SIMDRegister - How do I do the equivalent of

nammick · June 19, 2018, 2:52pm

I have got my head around Intel Intrinsics but would like to how to do the equivalent of simple operations with SIMDRegister

Take:

    __m128 v = _mm_setr_ps(0,2.2,1.3,19.9);
    __m128 p = _mm_set1_ps(2.3);
    __m128 u = _mm_add_ps(v , p);
    
    float e[4];
    _mm_store_ps(e,u);
    
    DBG(e[1]);

How would I replicate with SIMDRegister?

ujam · June 20, 2018, 7:00am

Not the answer to your question, but I think you either need to force good alignment of e[] or use _mm_storeu_ps (store unaligned)

nammick · June 20, 2018, 7:32am

In code I’m pulling stuff in from a float array and initialising it with align as

alignas(32) float * samples = nullptr;

Though from reading up the bleeding edge case is

samples = static_cast<float*>(std::aligned_alloc(32, numChannels * numDomains * numSamples * 4));

Which I may also start to use.

I have played around with creating wrapper class more inline with the context I want to use but if juce handles it out the box then no point reinventing wheel. I just haven’t got my head around the underlying structure and aligned or not the above is just for a like for like context.

Checking memory alignment I am using this assertion

jassert((unsigned long)std::addressof(samples) % 32 == 0);

martinrobinson-2 · June 20, 2018, 8:04am

Something like this:

using SIMDFloat = SIMDRegister<float>;

alignas (16) float vraw[] = { 0.0f, 2.2f, 1.3f, 19.9f };
 
SIMDFloat v = SIMDFloat::fromRawArray (vraw);
SIMDFloat p (2.3f);
SIMDFloat u = v + p;

alignas (16) float eraw[4];

u.copyToRawArray (eraw);

DBG (eraw[1]);

fr810 · June 20, 2018, 8:08am

Depending on which compiler you use, you can also specify a native SIMD literal with an initialiser list. This allows you to do the following:

using SIMDFloat = SIMDRegister<float>;

SIMDFloat v = SIMDFloat::fromNative ({ 0.0f, 2.2f, 1.3f, 19.9f });

Sadly, not all compilers support this.

jules · June 20, 2018, 8:22am

Just for the record, although people are tolerent of quite messy looking SIMD code because so much of it looks like that, it doesn’t have to be so bad if you use a more modern style, e.g. the example above

using SIMDFloat = SIMDRegister<float>;
alignas (16) float vraw[] = { 0.0f, 2.2f, 1.3f, 19.9f };
SIMDFloat v = SIMDFloat::fromRawArray (vraw);
SIMDFloat p (2.3f);
SIMDFloat u = v + p;
alignas (16) float eraw[4];
u.copyToRawArray (eraw);
DBG (eraw[1]);

could be written as simply as this:

auto v = juce::dsp::SIMDRegister<float>::fromNative ({ 0.0f, 2.2f, 1.3f, 19.9f });
auto u = v + 2.3f;
DBG (u.get(1));

…or even as a one-liner:

DBG ((juce::dsp::SIMDRegister<float>::fromNative ({ 0.0f, 2.2f, 1.3f, 19.9f })
       + 2.3f).get(1));

(although that’s a bit too terse for even my taste…)

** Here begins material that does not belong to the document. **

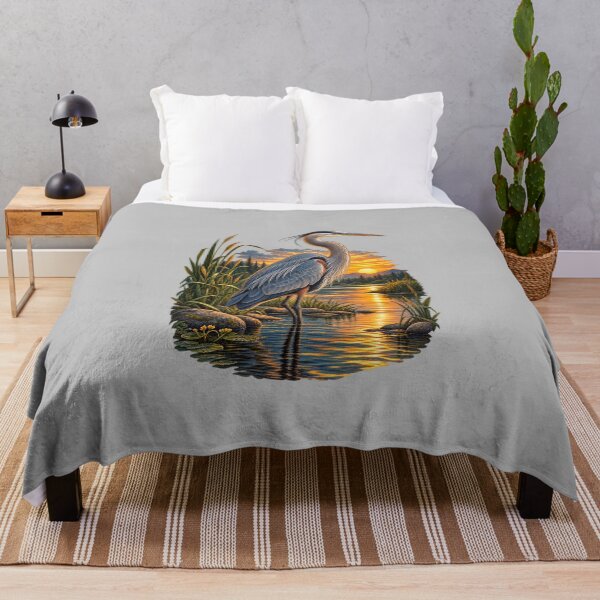Item preview, Great Blue Heron Golden River Sunset designed and sold by JKDJ.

martinrobinson-2 · June 20, 2018, 8:44am

Or even better

DBG (4.5f);

nammick · June 20, 2018, 8:52am

Ha… (t’was supposed to mundane example)

Cheers for the examples. I was trying to draw some parallels from the XSIMD lib which makes sense to me. I assume I can use SIMDFloat 8 floats AVX aswell.

Thanks again

fr810 · June 20, 2018, 8:57am

Yes you can you just need to enable avx2 at compile-time (for example -mavx2 for clang and gcc).

nammick · June 20, 2018, 8:57am

is there any cost to accessing with .get(x)?

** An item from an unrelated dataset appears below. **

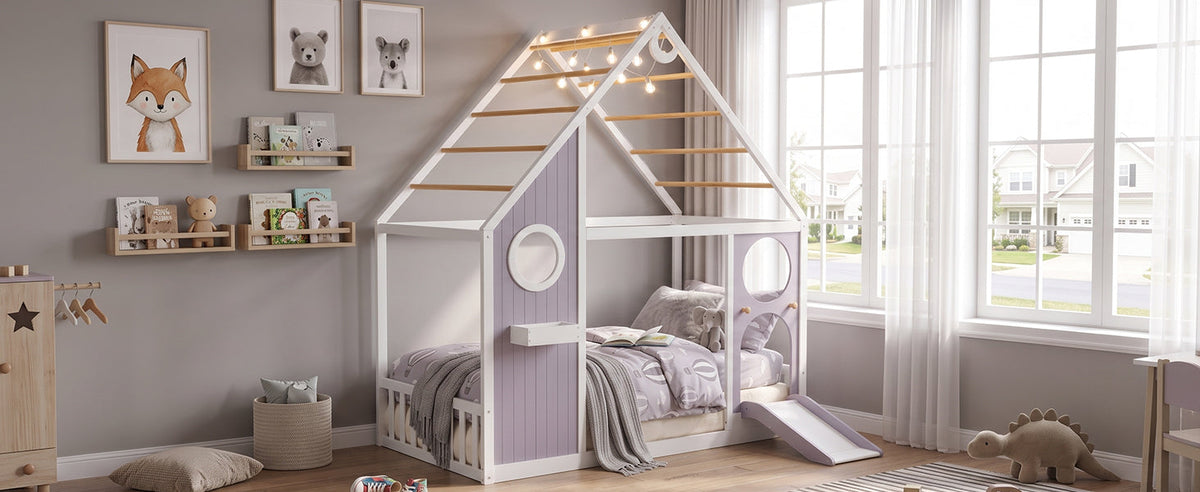 Twin House Bed with Slide and Light Strip by HouseOfZazla in lavender and white on Tampa Home & Garden Store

I had wrapped something like that up myself but handy that its in there

jules · June 20, 2018, 8:58am

There’s always some cost, but I assume it’ll be pretty low.

fr810 · June 20, 2018, 8:58am

It will boil down to a single machine instruction in release mode.

ncthom · June 22, 2018, 6:29pm

This thread has been really illuminating for me; I was very confused about the SIMDRegister class before this, so thank you! I’d like to tack on another “How do I do X” on the thread since it seems the previous question has an answer:

SIMDRegister<float> WavetableOscillator::tick(SIMDRegister<float> phase) {
   int index = static_cast<int>(phase * kTableSize)
   int rightIndex = (index + 1 ) & kTableMask;
   float frac = phase * (float) kTableSize - (float) index;
   return lerp(frac, m_table[index], m_table[rightIndex]);
}

This is a contrived example, but the point stands: the line int index = static_cast<int>(phase * kTableSize) will fail to compile because you can’t cast an __mm128 to int, for example. But if I have this sort of procedure where I want to cast some float type to int for maybe a table lookup with linear interpolation, can it still be vectorized with SIMDRegister?

nammick · June 22, 2018, 7:44pm

My heads been in the vectorising space the last week also trying to implement some really heavy Poly and Linear phase filter banks.

From what I can you don’t want to mix operations SIMDRegister and SIMDRegister with operators as it will be more costly than just plain code. There’s no functions in intel intrinsics to do this + I don’t think you can cast one type to another.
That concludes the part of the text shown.